Mark Donnelly, abogado de Cilia Flores, aseguró que su defendida sufrió “heridas importantes” y planteó la posibilidad de “una fractura o un hematoma severo en las costillas”, por lo que afirmó que necesitaría una evaluación física.
Por su parte, Barry J. Pollack, abogado de Maduro, dijo que el presidente tiene “algunos problemas de salud y médicos” que requerirán atención, sin detallar diagnósticos concretos.

La comparecencia se produjo pasadas las 12 del mediodía, hora de Manhattan. Ambos acusados se declararon no culpables. Nicolás Maduro afirmó que “sigue siendo el presidente de Venezuela” y que “no es culpable” de los cargos que se le imputan en Estados Unidos; en ese contexto, también se refirió a sí mismo como “prisionero de guerra”.
Ante esas afirmaciones, el juez indicó que habrá otro espacio procesal para abordar lo ocurrido durante la detención del 3 de enero, pues la diligencia se limitó a la exposición formal de los cargos y a la declaración de culpabilidad o inocencia.
Sus abogados no solicitaron libertad bajo fianza en esta etapa. La próxima audiencia fue fijada para el 17 de marzo, a las 11 de la mañana, cuando deberán volver a presentarse ante la Corte federal.

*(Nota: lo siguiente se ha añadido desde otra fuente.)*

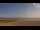 Webcam in Dornumersiel, 2.7 mi away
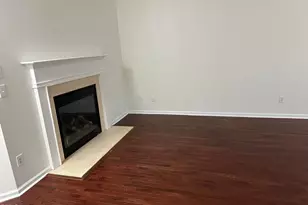 522 Writers Way, Morrisville, NC 27560 - Photo 4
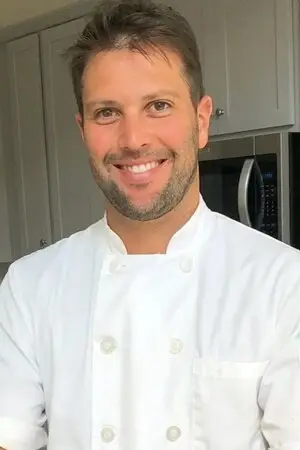 Gustavo Leão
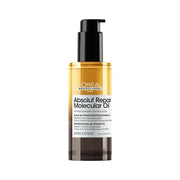 L'Oréal Professionnel Absolut Repair Molecular Óleo 90ml
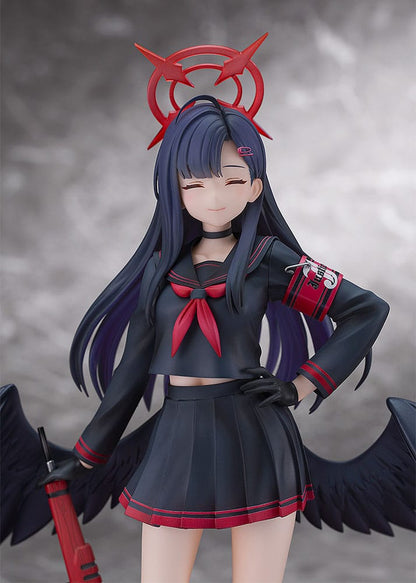 Blue Archive PVC Statue 1/7 Ichika 25 cm Image 6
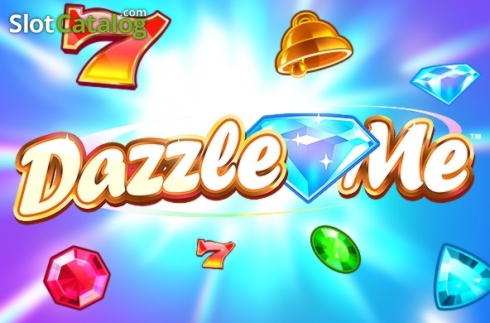 €950 Free Casino Tournament at Party Casino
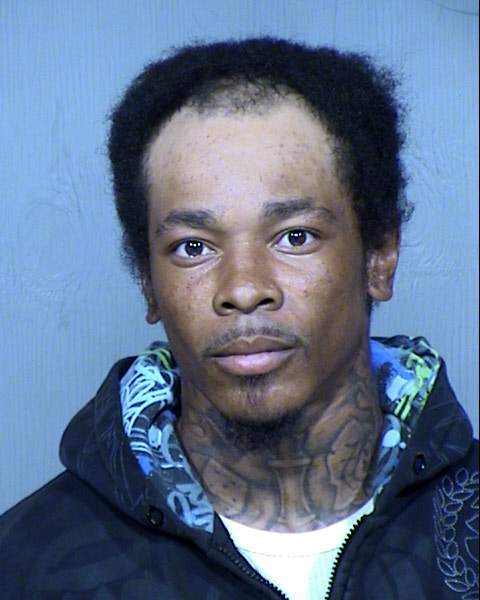 Timothy James Bell Mugshot / Maricopa County Arrests / Maricopa County Arizona Arrests Timothy James Bell Mugshot / Maricopa County Arrests / Maricopa County Arizona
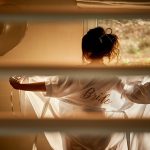 Gallery 9 Weddo Agency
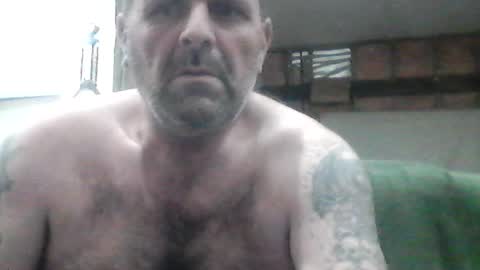 Snapshot of goodcock12345 chatting on 07/19/26, 11:36 goodcock12345 online show from 07/19/26, 11:36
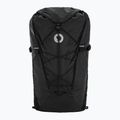 Rucsac de turism Fjällräven Abisko Lite 20 l black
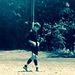 Profile Picture of Michael Decanio (@mikedecanio0) on Pinterest
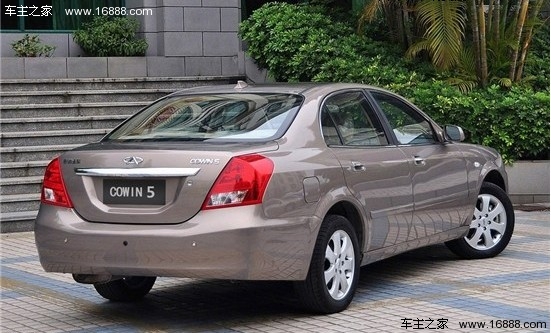 五一自驾游 4款10万内带GPS导航车推荐(13) 大家车网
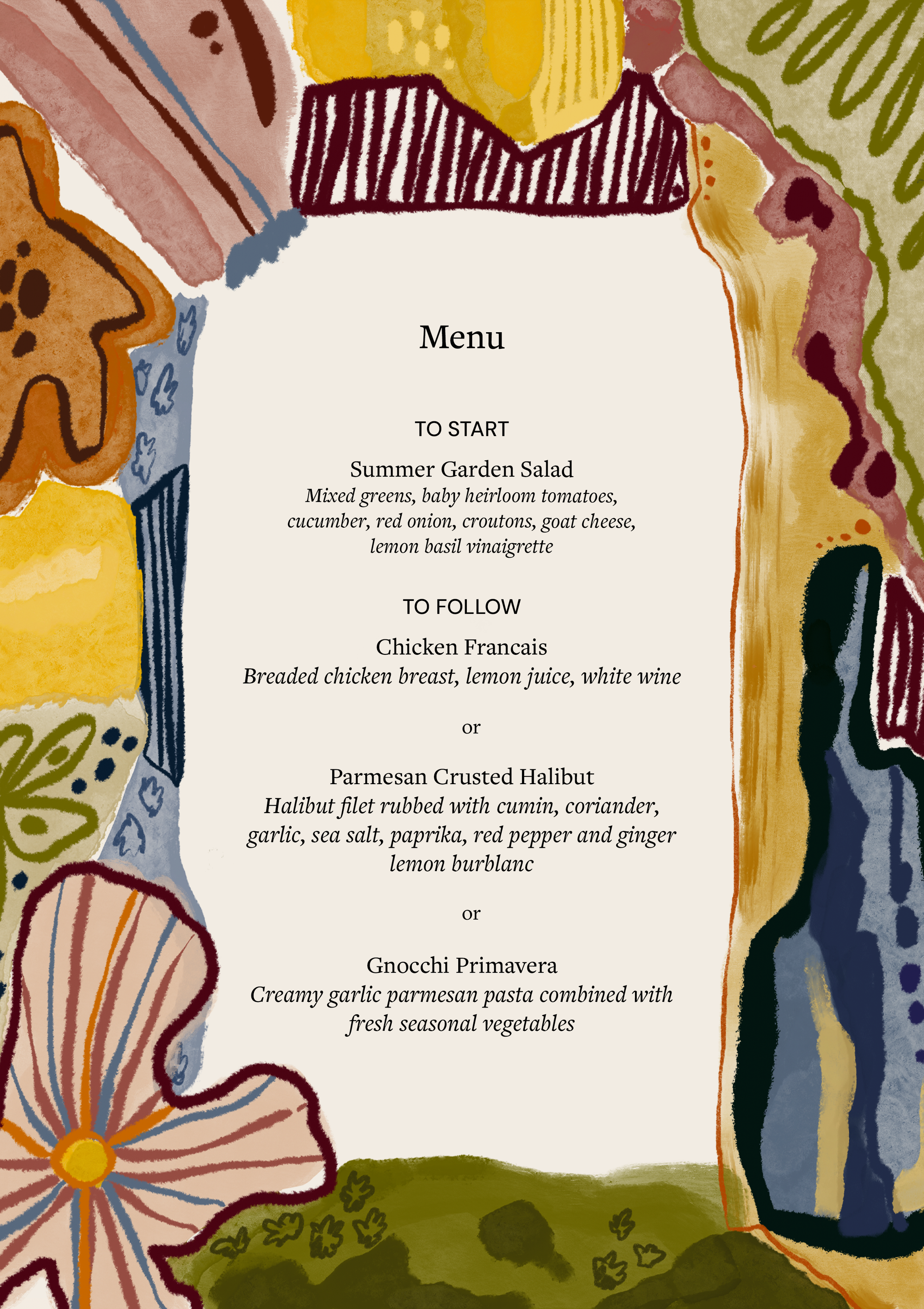 Food Menu_Font1.png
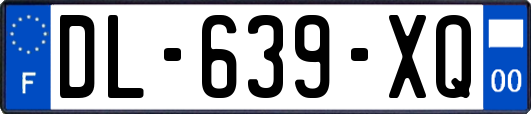 DL-639-XQ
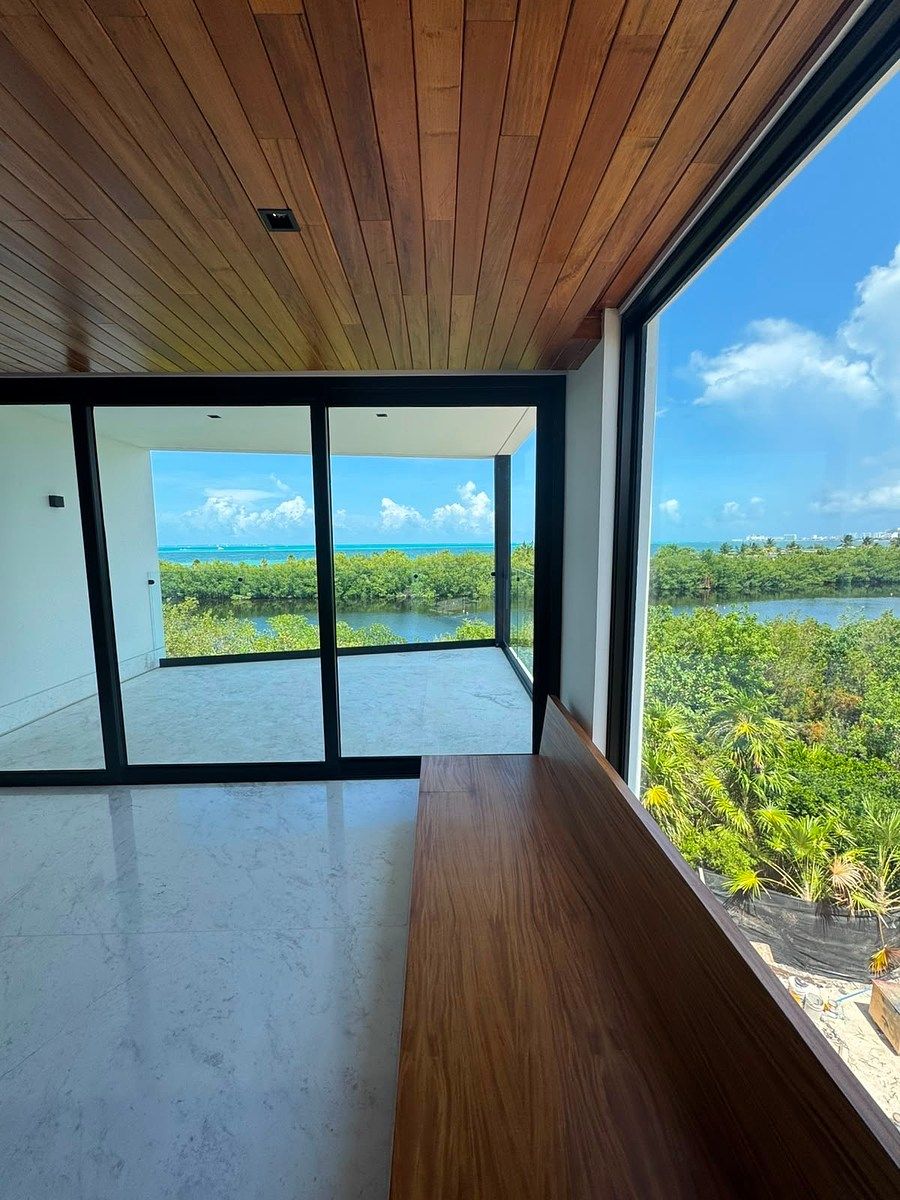 Casa em Puerto Cancún, Benito Juárez, foto 36 de 39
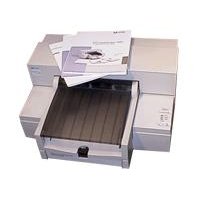 Hewlett Packard C2124a printing supplies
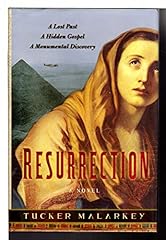 Resurrection for sale  Delivered anywhere in USA 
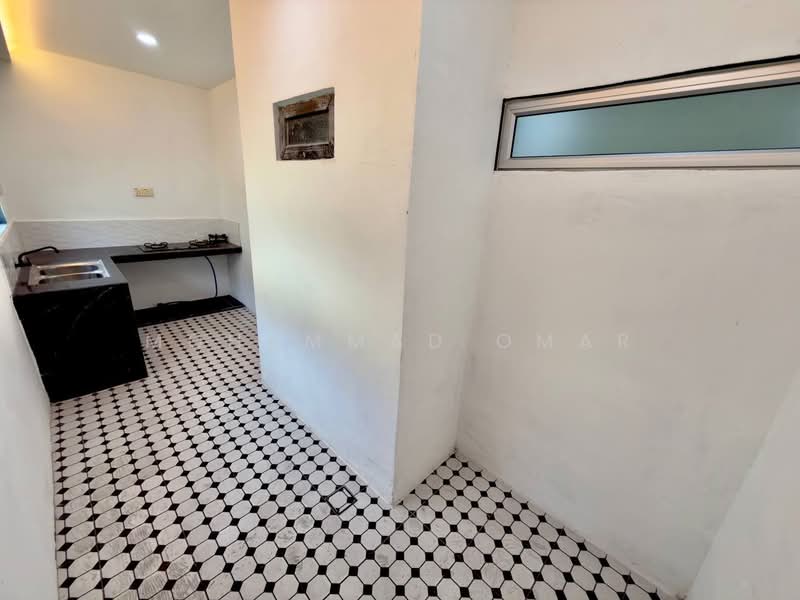 2-storey Terraced House for Sale in Seri Kembangan (Selangor) - Mohammad Omar - PropertyGuru.com.my
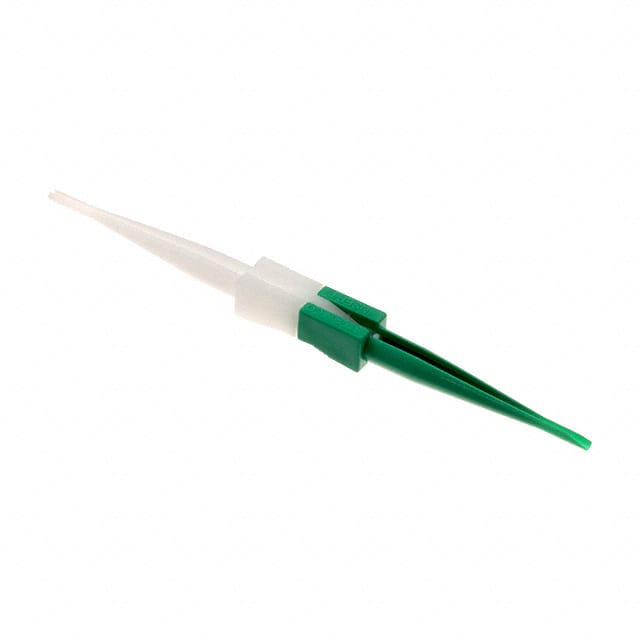 M81969/39-01 INS/REM TOOL PLASTIC 20 GA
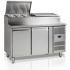 Стол для сэндвичей Tefcold SS7200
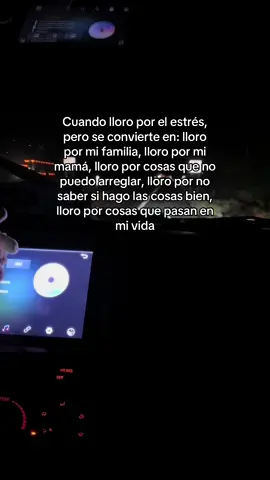 #paratiiiiiiiiiiiiiiiiiiiiiiiiiiiiiii #fyp #sad #frasestristes #estres 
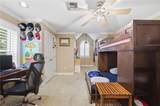 4007 Saint James Drive - Photo 32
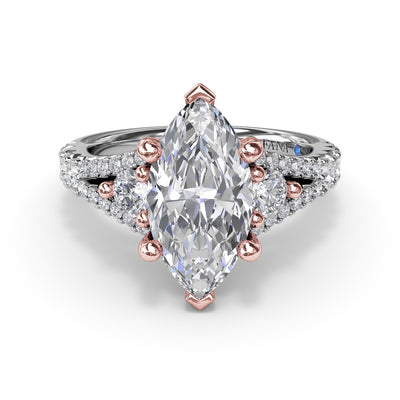 S4326-14kt-White-Rose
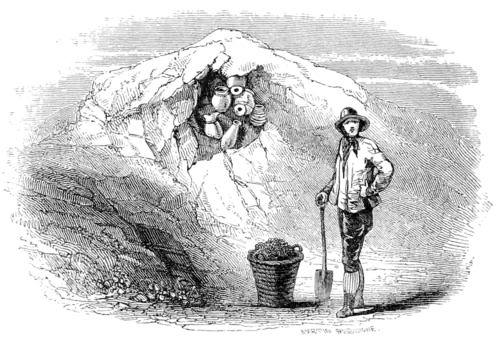 Archaeological Journal, Volume 3, 0274.png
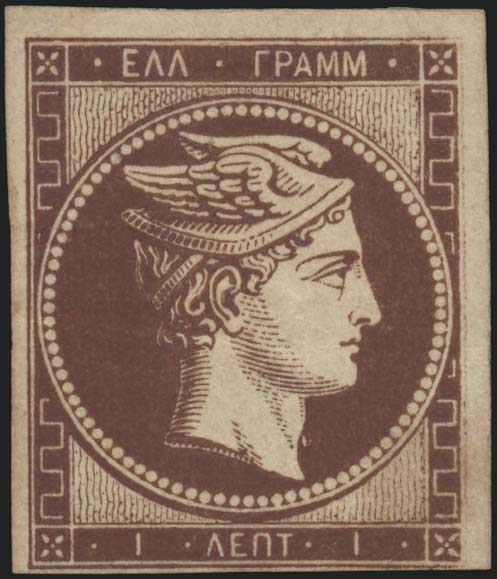 Lot 05017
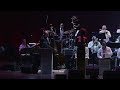 Christian McBride Big Band Andra Day - "All of Me"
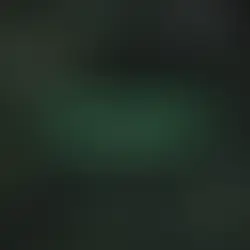 Costa Rica's sustainability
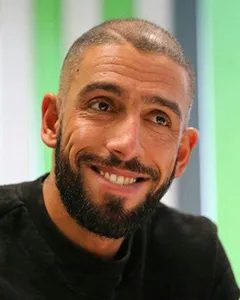 اشکان دژاگه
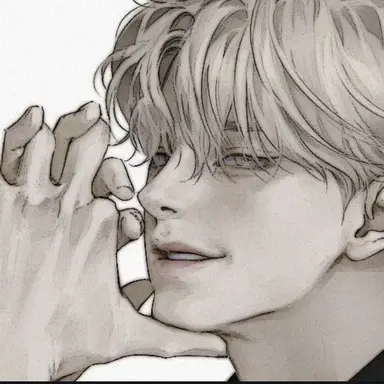 Profile image of 심승현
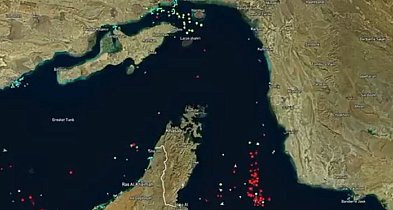 Allianz Trade: Polska wśród krajów najbardziej narażonych na skutki kryzysu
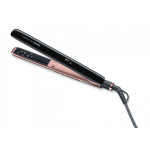 Щипцы BEURER HS 80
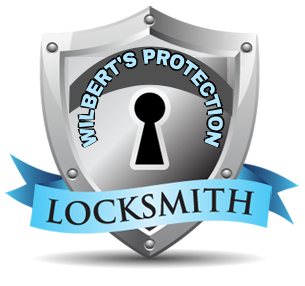 Avatar for Wilbert's Protection Locksmith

La captura de Maduro y Flores ocurrió durante una operación militar liderada por Estados Unidos en territorio venezolano. Según relató el presidente estadounidense, Donald Trump, una vez las fuerzas de operaciones especiales ingresaron al complejo donde se encontraba el mandatario venezolano, ambos intentaron desplazarse hacia una habitación reforzada con acero, concebida como un espacio de seguridad.
Trump explicó que, al momento de la intervención, Maduro buscaba resguardarse en ese lugar. “Intentaba llegar a un lugar seguro”, afirmó el presidente estadounidense, quien detalló que se trataba de una puerta “muy gruesa, muy pesada”, que no logró cerrar antes de ser interceptado por los comandos. “Llegó a la puerta, pero no pudo cerrarla”, señaló.